The Canadian Press

Logging destroys 45,000 bird nests each year in Ontario: environmentalists
November 19, 2007
News Wire Service

TORONTO – A lack of funding and government oversight are allowing the logging industry to destroy more than 45,000 migratory bird nests in Ontario’s boreal forest each year, a coalition of groups said Monday in calling for an independent review under the province’s Environmental Bill of Rights.

The coalition is using a report by the Commission for Environmental Co-operation – an international organization spawned by the North American Free Trade Agreement – as evidence that the province is failing to make sure logging companies use sustainable practices.

Several years ago, environmental groups asked the commission to study Ontario’s forest management policies in the hopes of boosting their claims that nests were being wiped out by clear-cutting.

The commission researched the actions of 53 forest management units in central and northern Ontario during the 2001 calendar year, and found there was potential for habitat declines of up to 35 per cent for some species if nests continued to be destroyed.

Little has changed since then, and now the groups are filing an application for review with Ontario’s environment commissioner in another attempt to protect the nests.

“Although Ontario would prefer to duck this issue, it simply cannot escape the fact that logging companies are destroying tens of thousands of bird nests every year,” said Liat Podolsky, a researcher with Ecojustice.

“Protecting wildlife in our public forests needs to be a priority, not an afterthought.”

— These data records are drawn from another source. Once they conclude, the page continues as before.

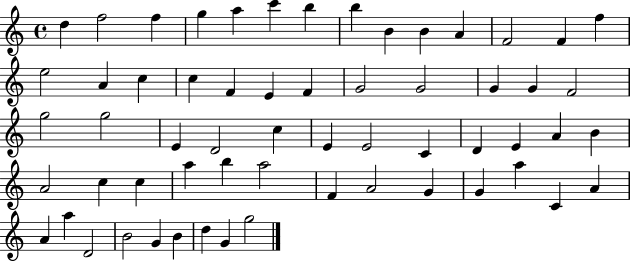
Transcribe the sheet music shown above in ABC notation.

X:1
T:Untitled
M:4/4
L:1/4
K:C
d f2 f g a c' b b B B A F2 F f e2 A c c F E F G2 G2 G G F2 g2 g2 E D2 c E E2 C D E A B A2 c c a b a2 F A2 G G a C A A a D2 B2 G B d G g2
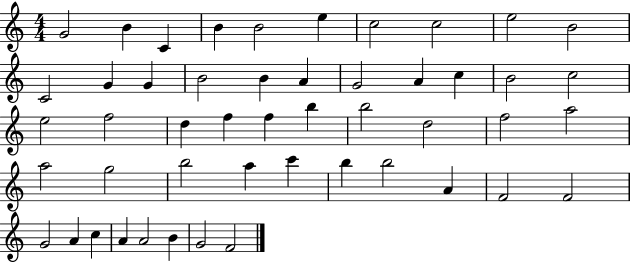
{
  \clef treble
  \numericTimeSignature
  \time 4/4
  \key c \major
  g'2 b'4 c'4 | b'4 b'2 e''4 | c''2 c''2 | e''2 b'2 | \break c'2 g'4 g'4 | b'2 b'4 a'4 | g'2 a'4 c''4 | b'2 c''2 | \break e''2 f''2 | d''4 f''4 f''4 b''4 | b''2 d''2 | f''2 a''2 | \break a''2 g''2 | b''2 a''4 c'''4 | b''4 b''2 a'4 | f'2 f'2 | \break g'2 a'4 c''4 | a'4 a'2 b'4 | g'2 f'2 | \bar "|."
}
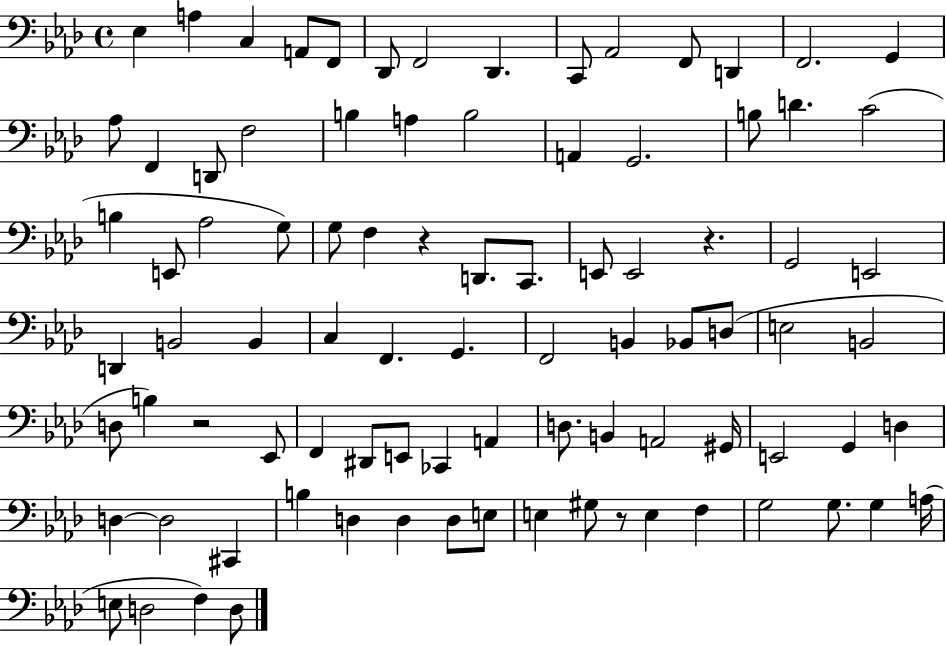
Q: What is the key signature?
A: AES major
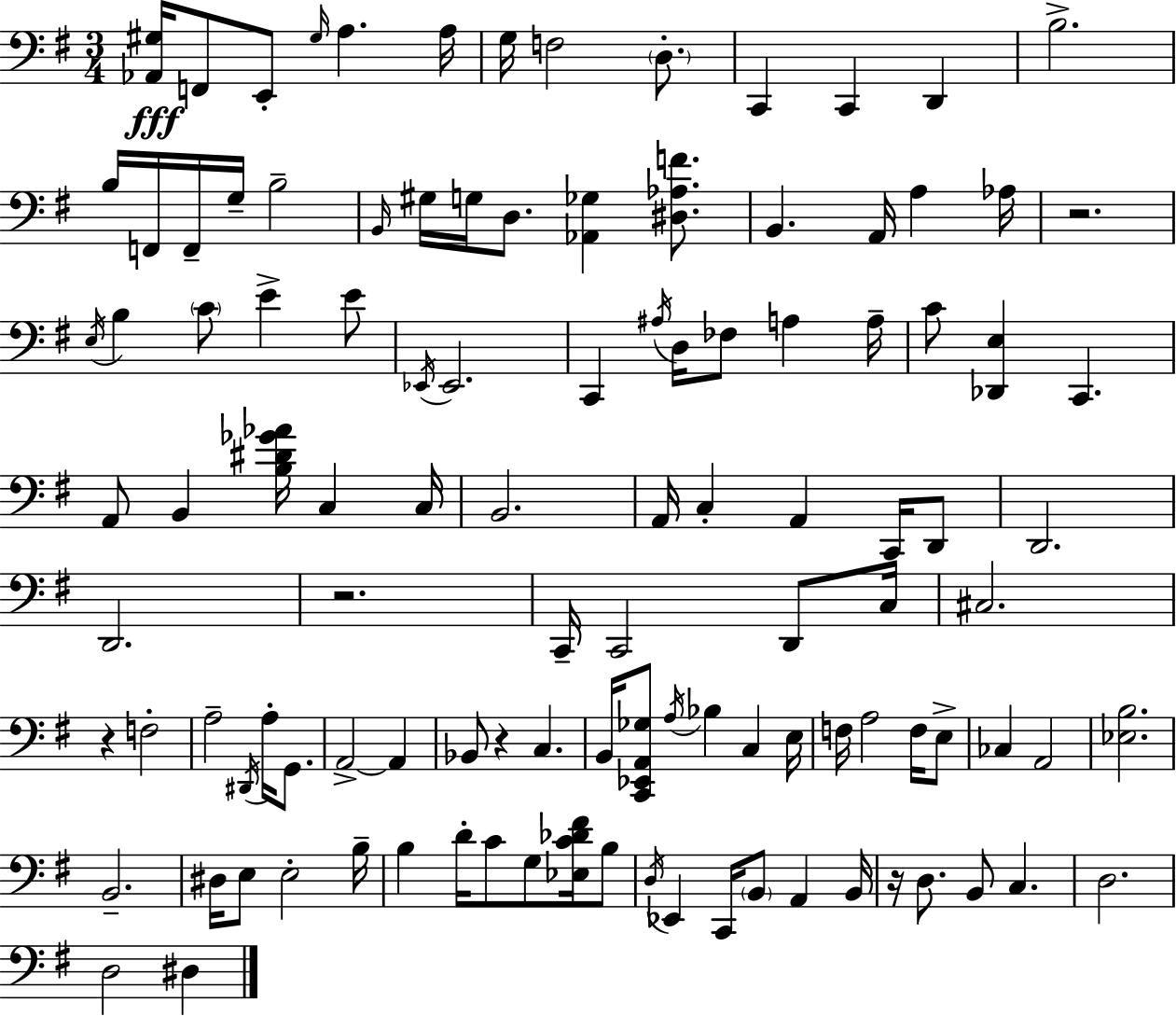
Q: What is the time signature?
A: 3/4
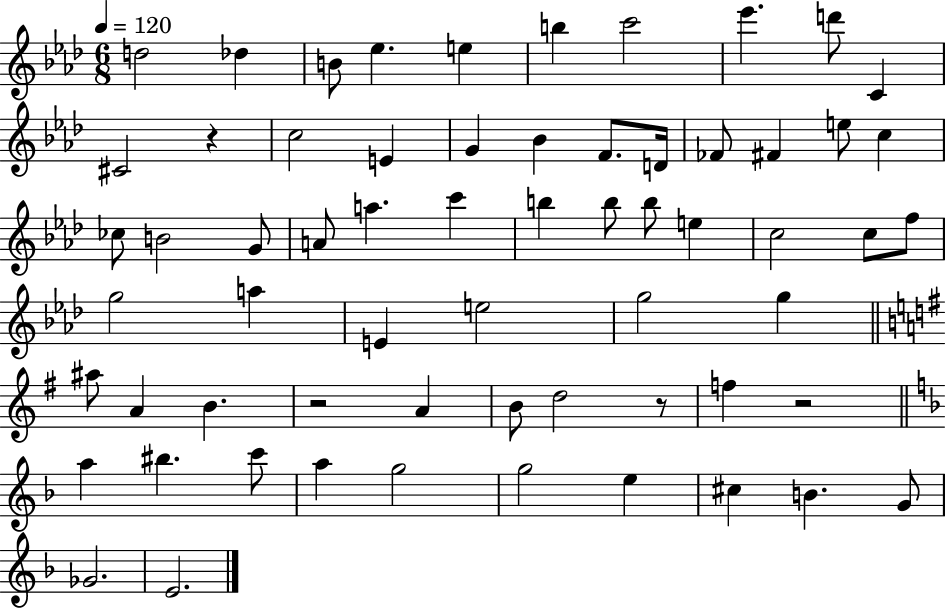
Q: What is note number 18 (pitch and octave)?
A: FES4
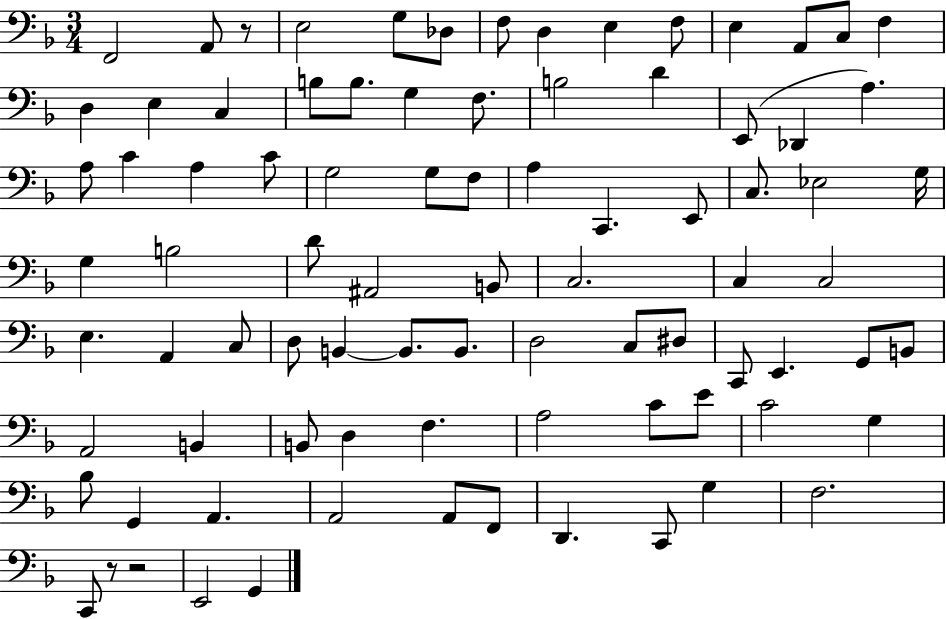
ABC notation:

X:1
T:Untitled
M:3/4
L:1/4
K:F
F,,2 A,,/2 z/2 E,2 G,/2 _D,/2 F,/2 D, E, F,/2 E, A,,/2 C,/2 F, D, E, C, B,/2 B,/2 G, F,/2 B,2 D E,,/2 _D,, A, A,/2 C A, C/2 G,2 G,/2 F,/2 A, C,, E,,/2 C,/2 _E,2 G,/4 G, B,2 D/2 ^A,,2 B,,/2 C,2 C, C,2 E, A,, C,/2 D,/2 B,, B,,/2 B,,/2 D,2 C,/2 ^D,/2 C,,/2 E,, G,,/2 B,,/2 A,,2 B,, B,,/2 D, F, A,2 C/2 E/2 C2 G, _B,/2 G,, A,, A,,2 A,,/2 F,,/2 D,, C,,/2 G, F,2 C,,/2 z/2 z2 E,,2 G,,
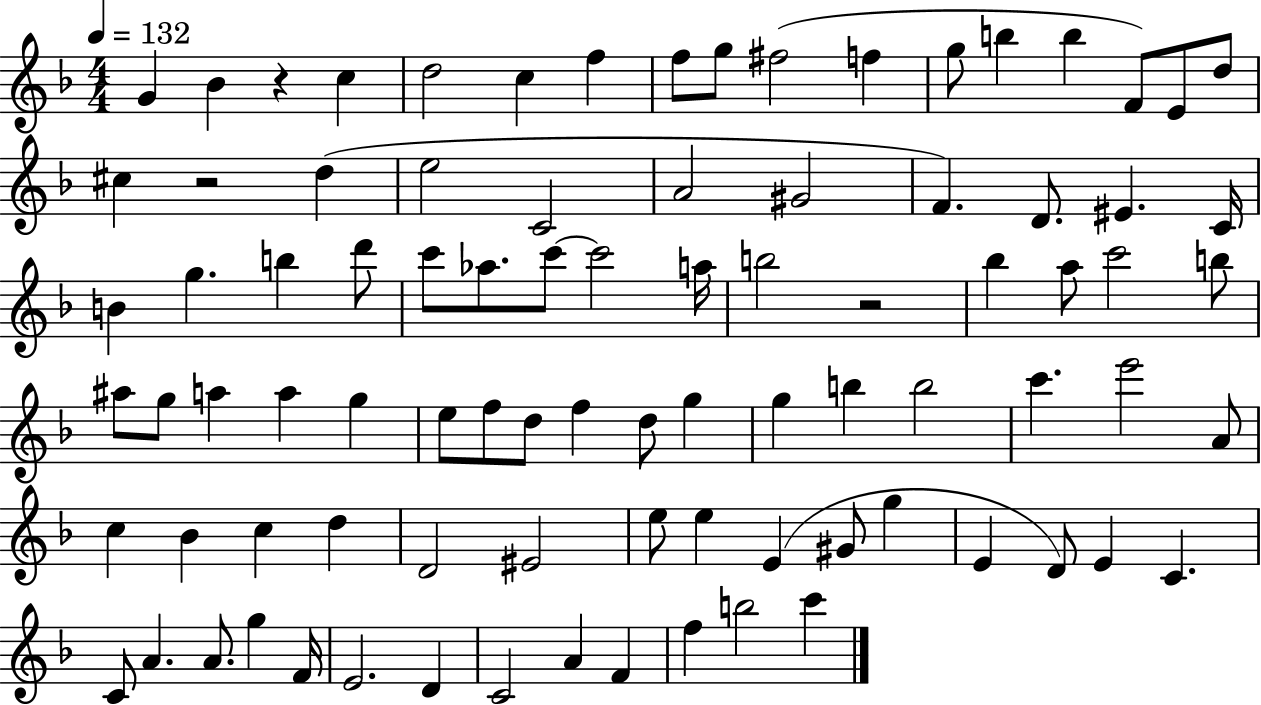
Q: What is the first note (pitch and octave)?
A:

The groups named in the application are ForestEthics, CPAWS Wildlands League, Earthroots, Nature Canada and Ontario Nature.

Trevor Hesselink of the CPAWS Wildlands League said nests are being destroyed because the Ministry of Natural Resources doesn’t have the resources to properly monitor the logging industry and catch any potential violations of the federal Migratory Birds Convention Act.

“Unfortunately, due to current policy and lack of capacity, the province is very much in the dark about the effects of logging on biodiversity,”Hesselink said.

The cumulative destruction of bird nests could have a widespread effect on the forest’s overall ecosystem, particularly if the trend continues unabated, he added.

“When you start seeing substantive declines in any particular species it’s generally indicative of a general ecosystem loss,” he said.

A spokesman for the Ministry of Natural Resources said it would be premature to comment on the application for review since it has not yet been filed.

Jennifer Baker of Ontario Nature said the government should be compelled to act quickly since an independent party has now verified some of the claims activists have been making for years.

“It’s a government responsibility to protect our forests and make sure our forests are managed sustainably and the report very clearly shows our forests are not being managed sustainably.”